According to this table, third graders will be put through four and a half hours of testing this spring to determine their reading ability.

Success depends on how much the child is able or willing to focus on his computer screen for the duration of the test. He is not able to ask the adult monitoring him any questions, including how to navigate the test. In high contrast, he has been able to ask questions about anything during his classroom instruction, and often, bounce ideas off a group of learners. The only way a child is going to fare well in a solo testing environment like this is if he possesses a high degree of confidence and perseverance, in addition to the level of skill necessary.

And now we come full circle. What is wrong with instituting advanced standards? Well, there are no repercussions for students if they miss the mark. So now we're going to raise the bar on concept acquisition without offering incentive to work even harder than before?

It’s a funny thing. Not funny in the humorous sense;

funny in the “this doesn’t make any sense” sense.

Why are we requiring students to learn faster and deeper

without holding them accountable for their learning?

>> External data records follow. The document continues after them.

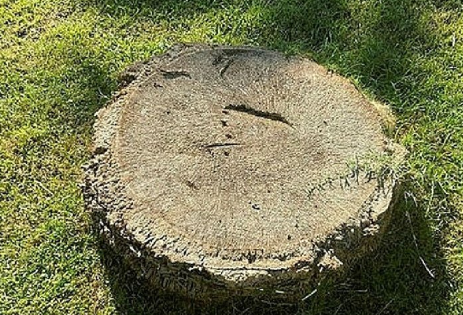 Foto - Tunç Soyer'in palmiye fiyaskosu… Keserek korudular!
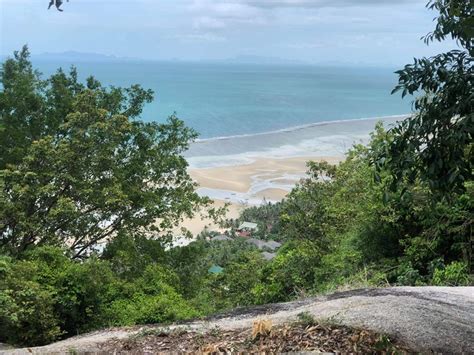 We Love Koh Phangan ☀️ Our Yellow Dal Fry Is Made From Boiled Yellow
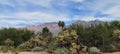 Sonoran Desert Lush Green Cactus Trees Bushes Vegatation LandScape Skyscape Mountain Scene Nature Photography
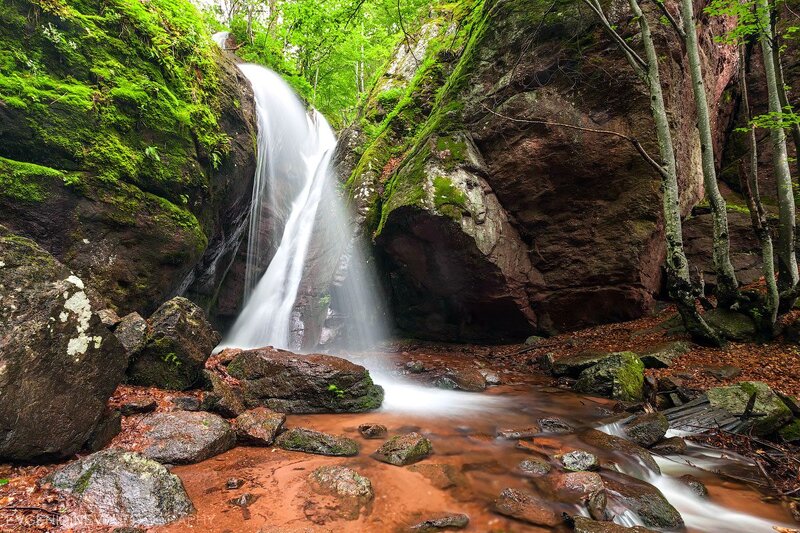Waterfall in Forest — Green, Serene, Spring, Photograph, Rocks, Trees, Moss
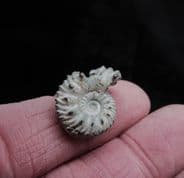 Euhoplites truncatus from Folkestone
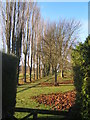 Footpath beyond the church by line of trees in IP7 7SD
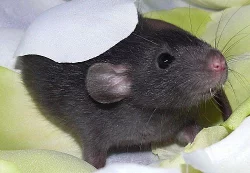 Dumbo potkánci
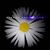 Amy Tibbetts Berry's profile image
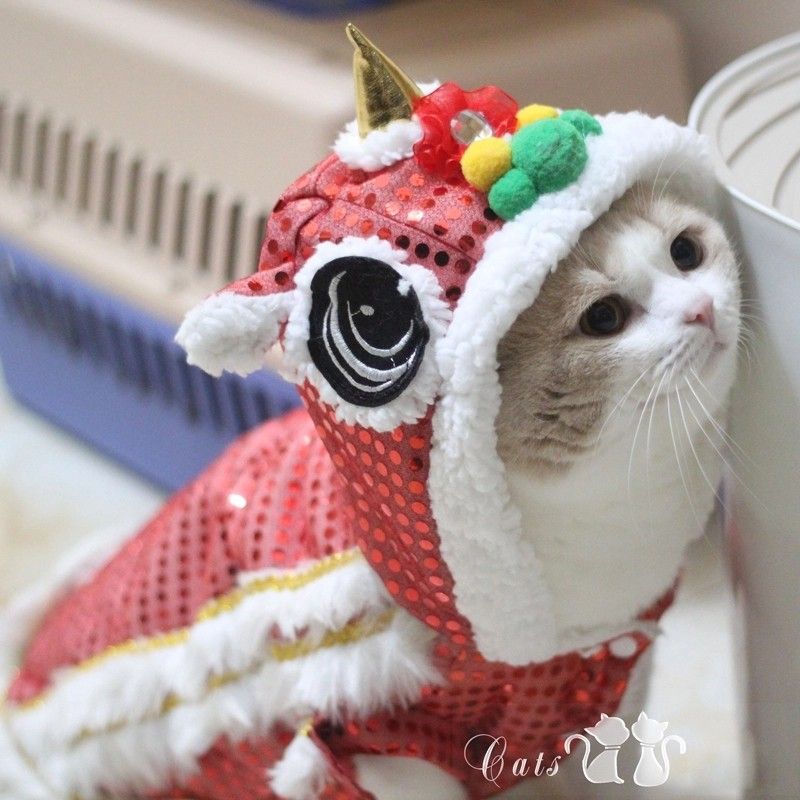 Dress Your Pets In Cute Lion Costumes To Divert The Usual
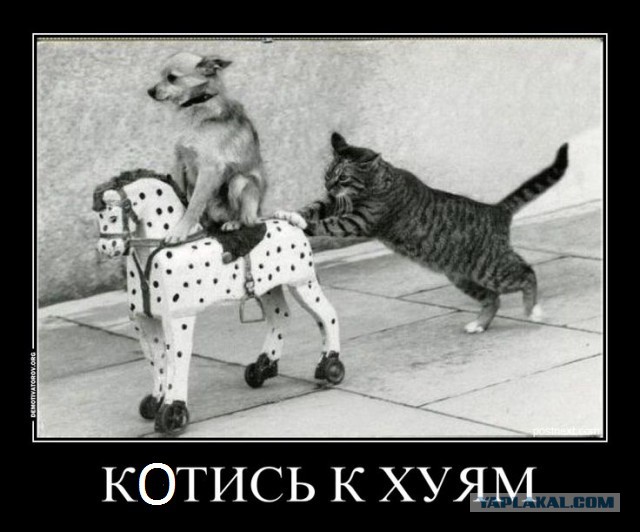 Сайты знакомств - диагноз?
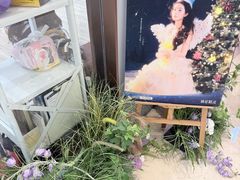 -海马体照相馆(上海月星环球港店)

Who is going to give his best on a test that takes multiple sessions of arduous solo work? No adult I know would do that without a substantial incentive, such as advancement in salary or career. But we’re asking elementary students to do it.

If a child knows his results will determine his class placement, he might be more motivated to give his best. And even if he isn’t, that alone helps educators determine the best learning environment for him.

Therein lies the crux of the matter. It is impossible to adequately address learning standards without also addressing testing, which leads to how we handle testing outcomes and if that affects how we place children in classrooms, which then leads to who is teaching what and which students, which also brings up class size and adult to child ratio….

Chaos reigns in our schools because certain elements of success are not up for discussion. By instituting advanced standards while ignoring everything else about learning, the most significant outcome of Common Core is a high degree of frustration...

...for everyone except the power structure, which seems to enjoy its position of instituting mandates without the inconvenience of dealing with them personally or analyzing them realistically.

There’s something very wrong with this picture.